# To all platy gazer



## Buddy (Jun 7, 2012)

I know platy might not be the most prized fish in the aquatic world, but for some reason I just adore them. 

The little guy in the back was the most beautiful platy in my world.......2012 -Jan 5 2013


----------



## Fishfur (Mar 4, 2012)

Everyone has a favourite and just because it's a common type of fish does not make it any less special. My condolences.


----------



## pyrrolin (Jan 11, 2012)

It sucks when you lose your favorite fish. I try not to have favorites, my last favorite to die was a nice rainbow shark, he died for some unknown reason and I bought a new one right away but had to wait a few months for him to grow enough to be in my main semi aggressive tank.


----------



## Buddy (Jun 7, 2012)

Fishfur said:


> Everyone has a favourite and just because it's a common type of fish does not make it any less special. My condolences.


Thank you for kind words.


----------



## Buddy (Jun 7, 2012)

pyrrolin said:


> It sucks when you lose your favorite fish. I try not to have favorites, my last favorite to die was a nice rainbow shark, he died for some unknown reason and I bought a new one right away but had to wait a few months for him to grow enough to be in my main semi aggressive tank.


Not having a favorite is a good idea. Thank you. Hope your rainbow shark is doing well.


----------



## Ciddian (Mar 15, 2006)

I can't help but have favorites too... Those little fish always steal my heart too.


----------



## Bwhiskered (Oct 2, 2008)

I think that the Hi Fin Platy variatus is one of the most beautiful livebearers. You used to be able to buy some that were near solid black with a yellow hi fin dorsal and a red tail. I am currently working on developing them again as they are rarely available. I saw some on Aquabid a while ago and it broke my heart that I couldn't get them.


----------



## rufro1237 (Nov 26, 2012)

I LOVE PLATIES TOO!!!!!!!!!!!!

Those ones are so cool!
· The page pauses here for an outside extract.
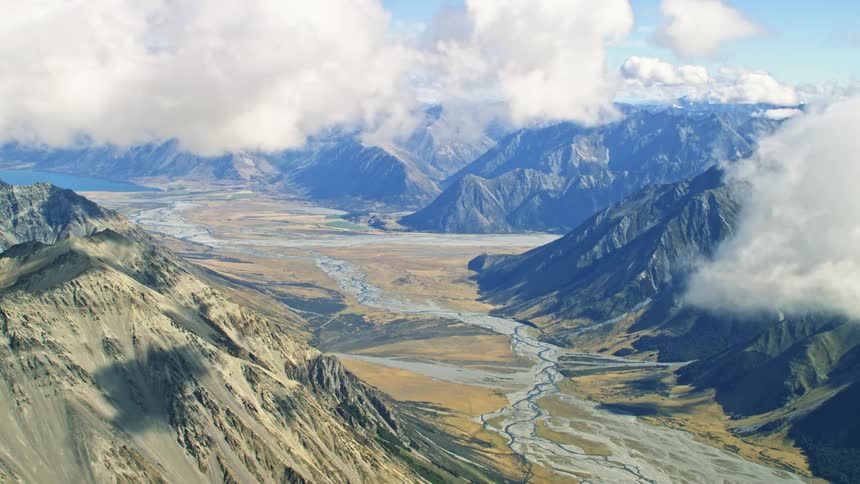 The river runs through the two mountain ranges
Right now, I have some Pineapple/Sunburst Platies, but one of them is _seriously_ bullied... but I plan on getting some more in the near future, to spread out the aggression. Tips?
I really love the colours of guppies as well, but for some reason, their little dainty bodies throw me off. They look too fragile!
I would die for a pair of platies like that! I'm sorry that he died! Where did you buy them? Any of the same colouration left?


----------



## Bwhiskered (Oct 2, 2008)

I picked up two female Hi Fin Gold Variatus at the St Catherines fall auction. I then found a short fin black male with a yellow tail and yellow dorsal. My first batch of fry are now a month old and a half inch long with most being 50% black. Some are starting to show hi fin. Some of these will be bred back to the father to get a double dose of black and hopefully what I am after.


----------



## rufro1237 (Nov 26, 2012)

I would LOVE to buy some! 

Tell me when!


----------



## Playing God (Dec 13, 2012)

I've never had favourites, but I can't stand bullying. I have a "time-out" cage I stick fish in when they get too aggressive needlessly (a la swordtail vs gourami). Two weeks in the hole and my swordtail is a changed man, haha.


----------



## rufro1237 (Nov 26, 2012)

The problem for me is that only when I upgrade to my bigger tank will my 10 gallon become my quarantine/punishment tank for my 30 gallon. I now wish that I got female platies instead of males... I'm surprised I haven't had anything "a la swordtail vs. gourami", just needless harassing and chasing. Also, they're in a tank with female bettas, which is basically the same families. The main concern for me is the running into the walls of the tank and the other tankmates getting harassed as well... poor tetras harlequins never stood a chance


----------



## Playing God (Dec 13, 2012)

Is your tank planted? a few vals in there would soon multiply and break up the tension a bit.



rufro1237 said:


> The problem for me is that only when I upgrade to my bigger tank will my 10 gallon become my quarantine/punishment tank for my 30 gallon. I now wish that I got female platies instead of males... I'm surprised I haven't had anything "a la swordtail vs. gourami", just needless harassing and chasing. Also, they're in a tank with female bettas, which is basically the same families. The main concern for me is the running into the walls of the tank and the other tankmates getting harassed as well... poor tetras harlequins never stood a chance


----------



## Playing God (Dec 13, 2012)

It seems like most non schooling fish need a bit of alone time without actually "trying" to be alone. Trying to hide stresses them out, but enough plants to break up the sight lines seems to help keep them more secluded naturally without stressing them-- maybe a by-product of us trying to cram way more fish into a few gallons than would happen in nature?


----------



## rufro1237 (Nov 26, 2012)

My tank is HEAVILY planted (I don't clip for a week and I can barely see the back wall). I have some corskrew vals, but for some reason, it isn't taking off as much as the other plants. I have Water Sprite, Amazon Swords and a Driftwood log, and sight is pretty well broken up. The platy only hides where the foliage is less dense (not very smart). Also, the bullied platy has a very small tail (not rotted) just about a cm in diameter. The aggressive platy has a 1 1/2 cm tail, with colouration on it. That leads me to believe that the bully is starting to stress the little guy out too much... just like the third platy I had who was EXTREMELY bullied, who eventually died... 
Also, when I upgrade, will the platies and female bettas coexist peacefully with rams and guppies? I really love them!


----------



## Playing God (Dec 13, 2012)

Bigger tank is better chance..
When moving the fish, I would quarantine the aggressive one and give the others a chance to get used to the new location for two weeks or so. Then drop in the mean guy and you'll have the most insecure situation possible for him (entering other fish's territory)--it may be enough to soften him up.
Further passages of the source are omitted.